Nous faisons ici un panorama des mesures adoptées par le gouvernement Portugais dans le cadre du plan de rigueur adopté pour satisfaire les troïkistes, nous mentionnerons aussi leurs conséquences lorsque celles-ci nous sont connues :

Coût de la vie

Une baisse du pouvoir d’achat des Portugais est estimée à 6 % en 2012 en effet, le budget de 2012 prévoit plus de 10 milliards d’euros d’économies, ce qui équivaut à 2 625 euros par ménage .Le Portugal affronte une crise économique sans précédent depuis 1974, année de la révolution « démocratique »dans le pays (econostrum.fr) pourtant, jusqu’à 12 milliards d’euros de l’enveloppe destinée à venir en aide au Portugal servira à renforcer le niveau de solidité des banques du pays.

Hausse de la TVA jusqu’à 23 % :

En particulier, hausse de la TVA (de 6% à 13%) sur le gaz et l’électricité en 2012, produit de conso primaire et restauration, affectation de 54000 établissement et 120 000 emplois.(econostrum.fr)

Les autres produits taxés à 13% le seront à 23% (econostrum.fr)

 

Transport : l’endettement des entreprises publiques de transport s’élevant à 17 milliards d’euros, soit 10% du PIB, elles sont les premières à faires les frais des politiques de rigueur visant à satisfaire la troïka : hausse de 26% depuis 2011, suppression de certaines lignes de bus, fermeture du métro à 23h au lieu de 1H à Lisbonne, le maire y envisage même une taxation routière. Le pays envisage de fusionner et de privatiser le métro, les trams, bus et ferries de Lisbonne et Porto. Le bras de fer avec les syndicats provoque des grèves à répétition. (Moblicité.fr et AFP)

Santé :

Coupe de 800 millions d’euros dans le budget de la santé : réduction heure supplémentaire et remboursement médicaments, fermeture de certains services et de certains centre, doublement des forfaits modérateurs (rtbf). La santé auparavant gratuite depuis la révolution des œillets, redevient payante, 5euros pour une consultation en centre de santé et 20 € (plafond) contre 9,60 auparavant pour les urgences (lorsqu’il ne facture pas de chambre…) (éconostrum.fr)

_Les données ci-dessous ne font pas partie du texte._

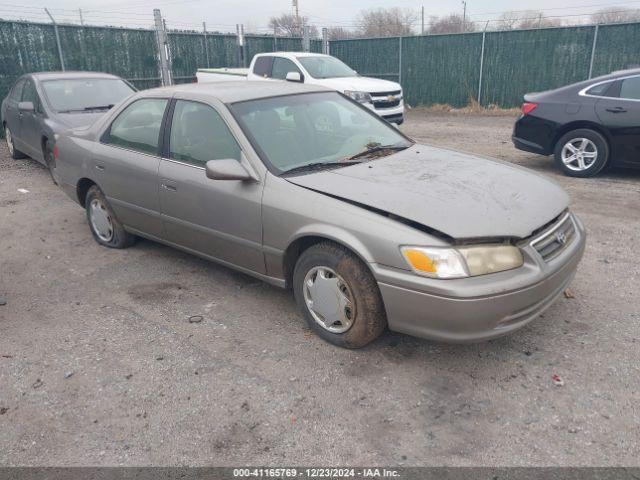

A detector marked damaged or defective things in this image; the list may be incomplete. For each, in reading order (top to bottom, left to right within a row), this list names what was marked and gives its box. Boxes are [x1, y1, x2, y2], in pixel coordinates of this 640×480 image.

cracked windshield [232, 91, 412, 173]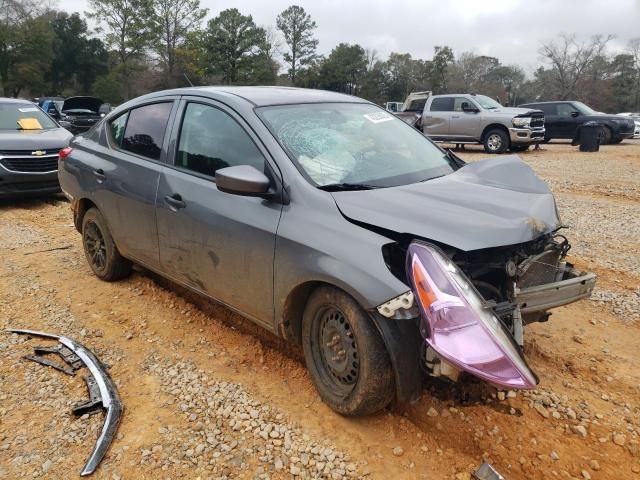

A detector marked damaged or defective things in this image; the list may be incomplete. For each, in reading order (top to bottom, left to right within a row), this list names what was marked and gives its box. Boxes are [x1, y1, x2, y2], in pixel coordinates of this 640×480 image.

crumpled hood [0, 127, 72, 150]
gray damaged sedan [58, 87, 596, 416]
shattered windshield glass [256, 102, 456, 188]
crumpled hood [336, 156, 560, 251]
broken headlight housing [408, 242, 536, 388]
crushed front end [380, 234, 596, 392]
missing front bumper cover [7, 328, 122, 474]
damaged front bumper [8, 328, 122, 474]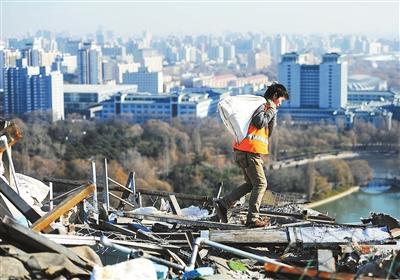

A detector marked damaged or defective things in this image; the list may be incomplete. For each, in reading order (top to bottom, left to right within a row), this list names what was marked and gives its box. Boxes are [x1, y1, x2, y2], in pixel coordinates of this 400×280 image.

broken wood plank [0, 177, 41, 223]
broken wood plank [0, 214, 90, 270]
broken wood plank [31, 184, 95, 232]
broken wood plank [167, 195, 183, 217]
broken wood plank [126, 212, 244, 230]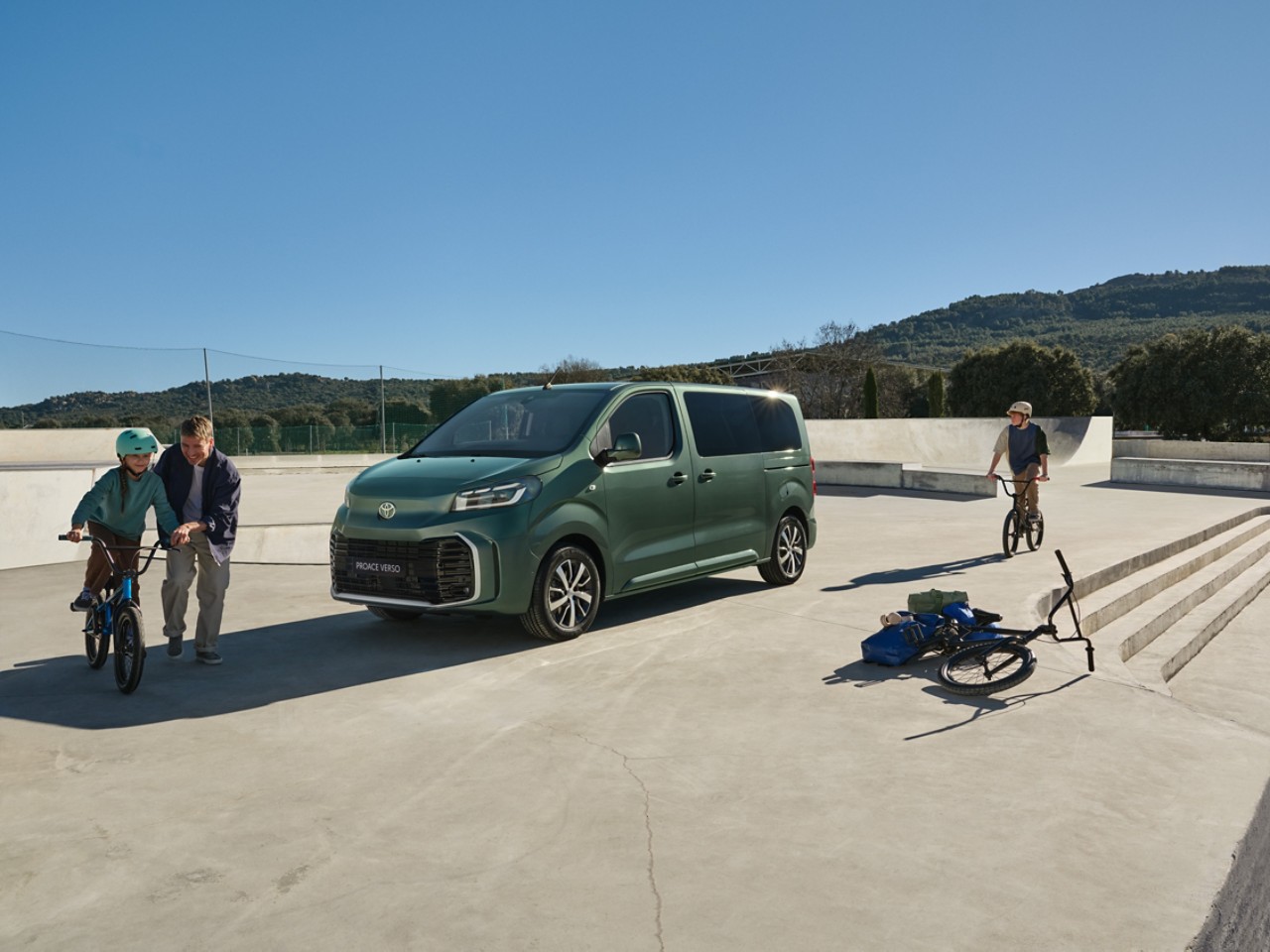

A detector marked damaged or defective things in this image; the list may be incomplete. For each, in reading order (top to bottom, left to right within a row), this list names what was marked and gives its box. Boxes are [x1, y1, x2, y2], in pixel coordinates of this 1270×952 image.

crack in concrete [538, 721, 670, 952]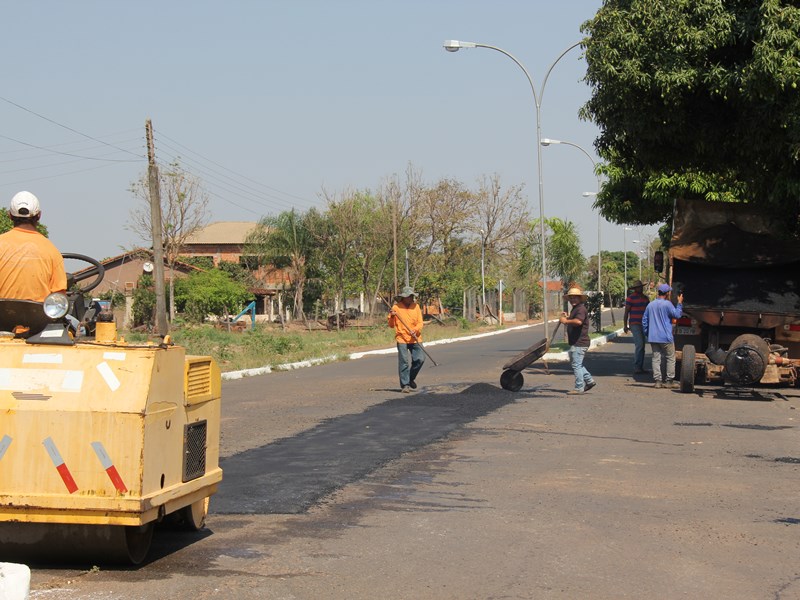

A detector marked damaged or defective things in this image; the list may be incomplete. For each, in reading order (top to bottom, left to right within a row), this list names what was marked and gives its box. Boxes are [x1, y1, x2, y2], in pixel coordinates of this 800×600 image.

fresh asphalt patch [211, 384, 520, 516]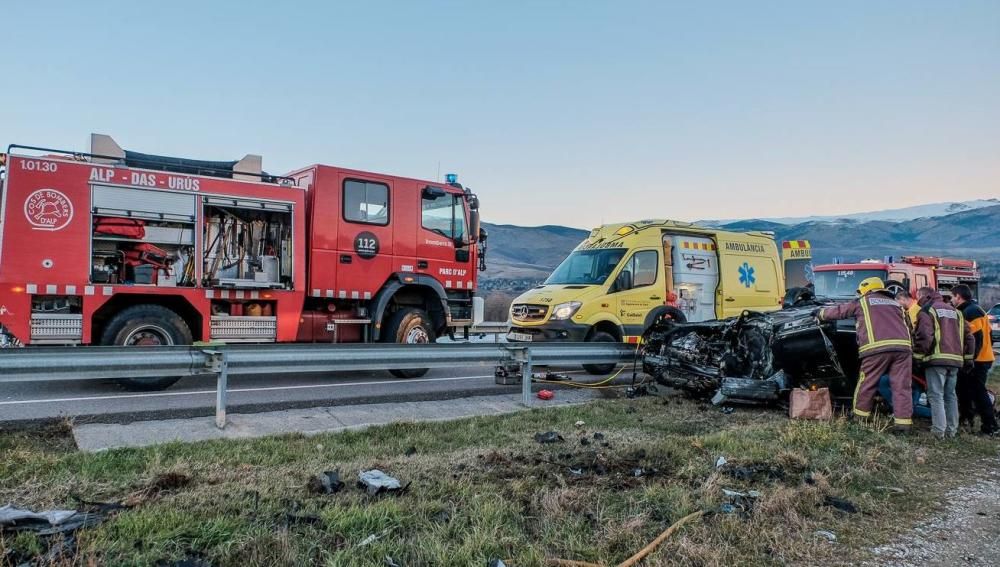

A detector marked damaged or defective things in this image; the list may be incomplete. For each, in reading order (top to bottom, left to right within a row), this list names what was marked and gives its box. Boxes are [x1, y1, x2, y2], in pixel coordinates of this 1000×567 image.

crashed vehicle [644, 302, 864, 404]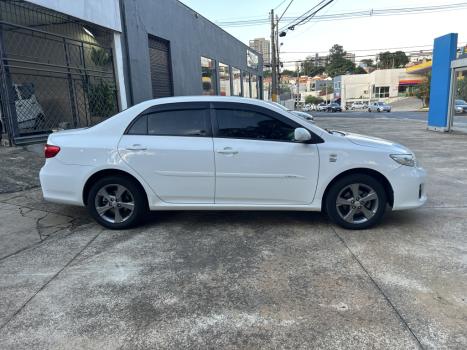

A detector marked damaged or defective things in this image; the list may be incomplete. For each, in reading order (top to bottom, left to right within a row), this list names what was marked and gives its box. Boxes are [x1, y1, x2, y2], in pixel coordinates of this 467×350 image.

cracked concrete ground [0, 118, 466, 350]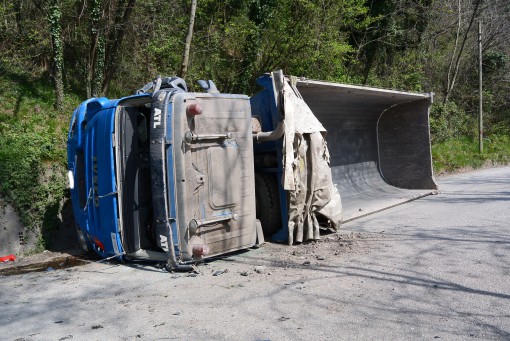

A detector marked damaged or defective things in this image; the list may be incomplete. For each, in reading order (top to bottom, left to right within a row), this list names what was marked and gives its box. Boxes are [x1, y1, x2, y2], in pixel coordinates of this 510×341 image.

overturned truck [65, 71, 436, 268]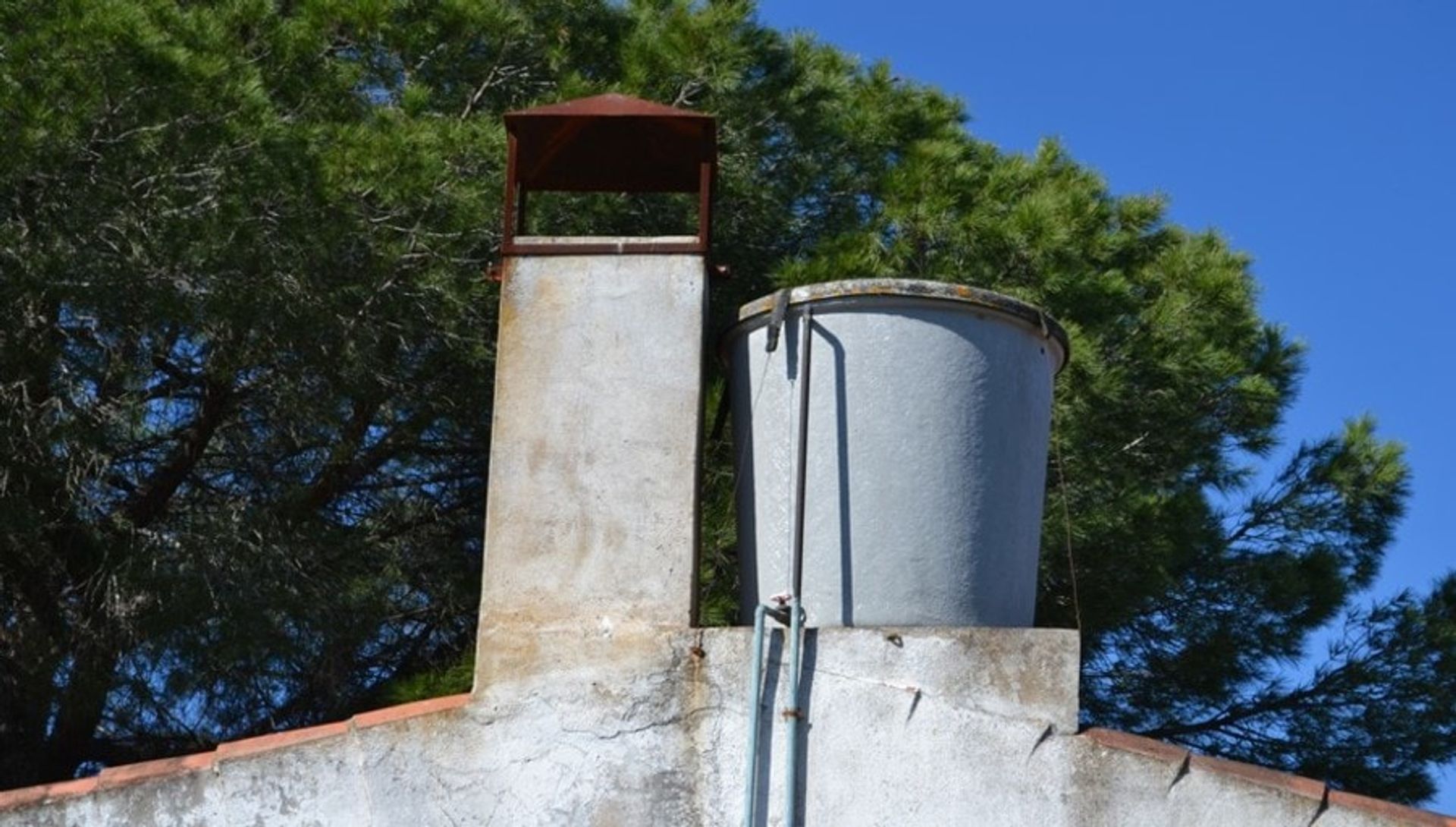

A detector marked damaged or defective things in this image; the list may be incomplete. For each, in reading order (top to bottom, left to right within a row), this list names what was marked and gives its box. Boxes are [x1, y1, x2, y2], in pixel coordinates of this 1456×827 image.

rusty metal chimney cap [504, 93, 719, 193]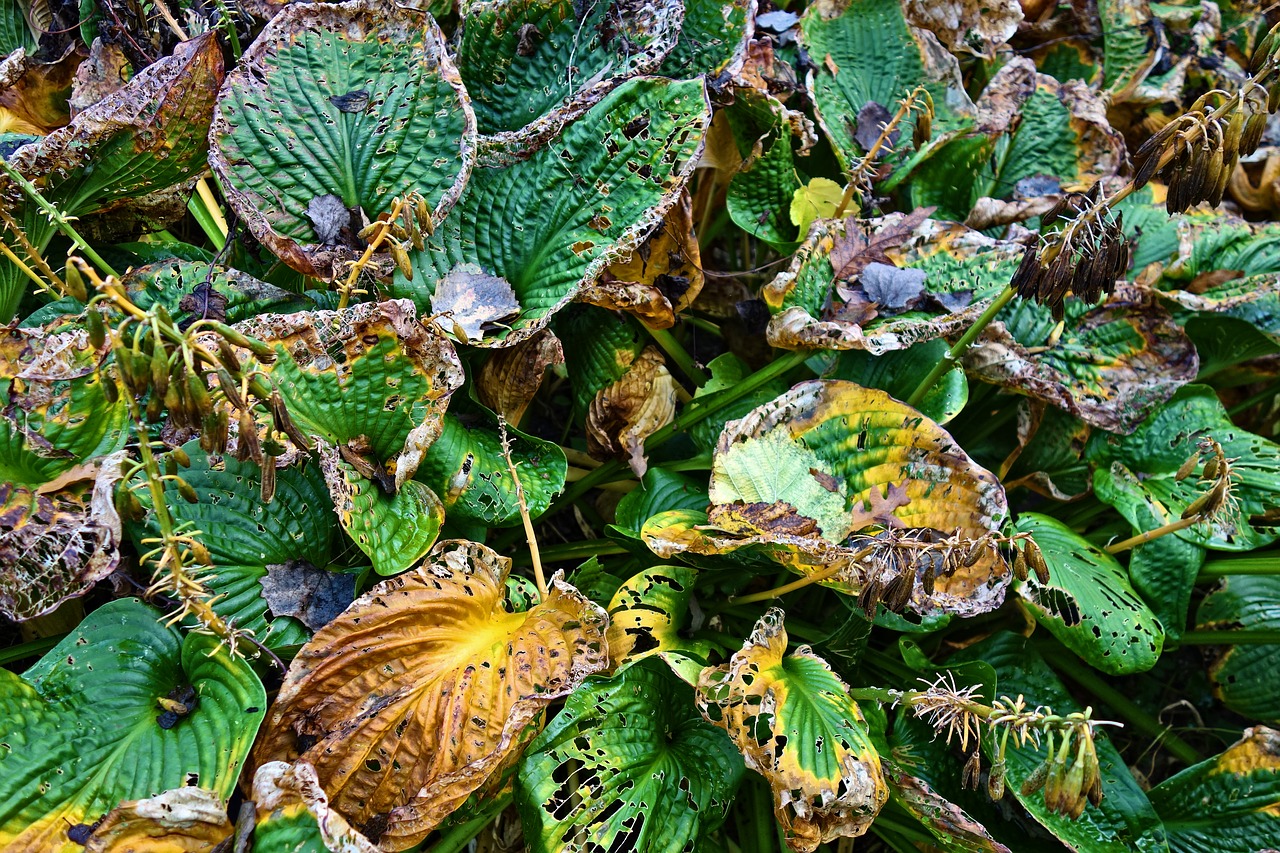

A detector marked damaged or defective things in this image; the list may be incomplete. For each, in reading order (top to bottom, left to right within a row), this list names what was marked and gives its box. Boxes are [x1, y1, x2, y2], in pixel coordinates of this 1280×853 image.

frost-damaged foliage [0, 316, 127, 616]
frost-damaged foliage [0, 32, 222, 320]
frost-damaged foliage [0, 600, 264, 852]
frost-damaged foliage [129, 442, 344, 648]
frost-damaged foliage [210, 0, 476, 280]
frost-damaged foliage [234, 298, 464, 572]
frost-damaged foliage [255, 544, 608, 848]
frost-damaged foliage [390, 75, 712, 346]
frost-damaged foliage [456, 0, 684, 142]
frost-damaged foliage [516, 660, 744, 852]
frost-damaged foliage [700, 608, 888, 848]
frost-damaged foliage [648, 380, 1008, 612]
frost-damaged foliage [764, 216, 1024, 360]
frost-damaged foliage [964, 284, 1192, 432]
frost-damaged foliage [1016, 512, 1168, 672]
frost-damaged foliage [1088, 382, 1280, 548]
frost-damaged foliage [1144, 724, 1280, 848]
frost-damaged foliage [1192, 576, 1280, 724]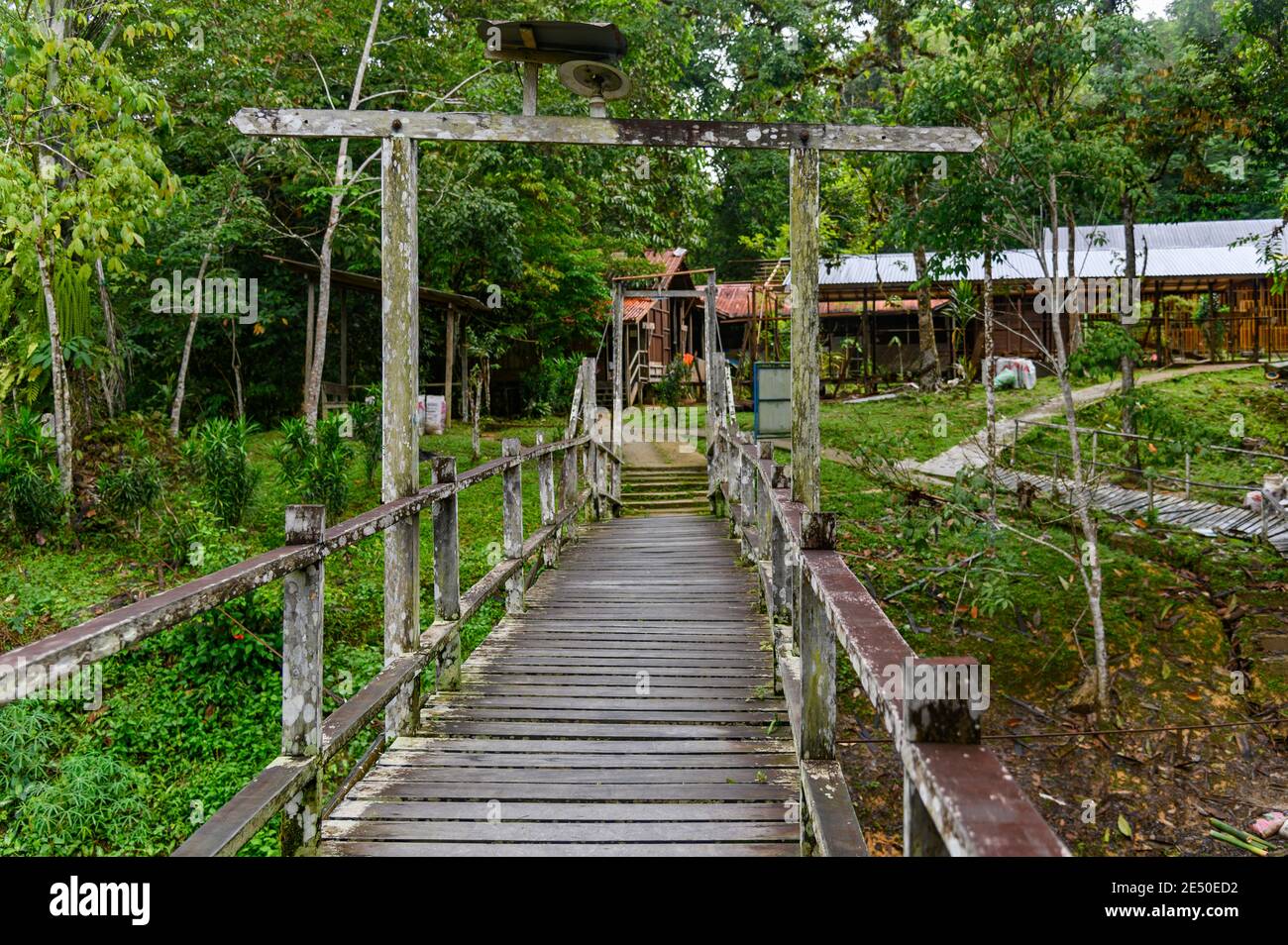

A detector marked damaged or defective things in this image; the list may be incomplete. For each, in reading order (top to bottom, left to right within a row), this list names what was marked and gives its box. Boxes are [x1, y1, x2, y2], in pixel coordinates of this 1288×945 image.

Résultat : les consultations en centre de santé ont baissé de 4,4% et de 9,8% dans les urgences hospitalières.

Conséquences :

Selon la direction générale de la santé 11 600 personnes sont mortes en Février dernier, ce qui correspond à une augmentation de 10% par rapport à la même période l’an passé. Les personnes les plus touchées : les personnes âgées. Explication du gouvernement : les conditions météorologiques particulièrement froides et la grippe (ou autre maladie saisonnière virale…). Nous ajouterons : les difficultés d’accès aux soins dû à l’augmentation de leur coût, le manque de thunes pour se nourrir et se chauffer correctement, surtout chez les retraités…. L’austérité tue !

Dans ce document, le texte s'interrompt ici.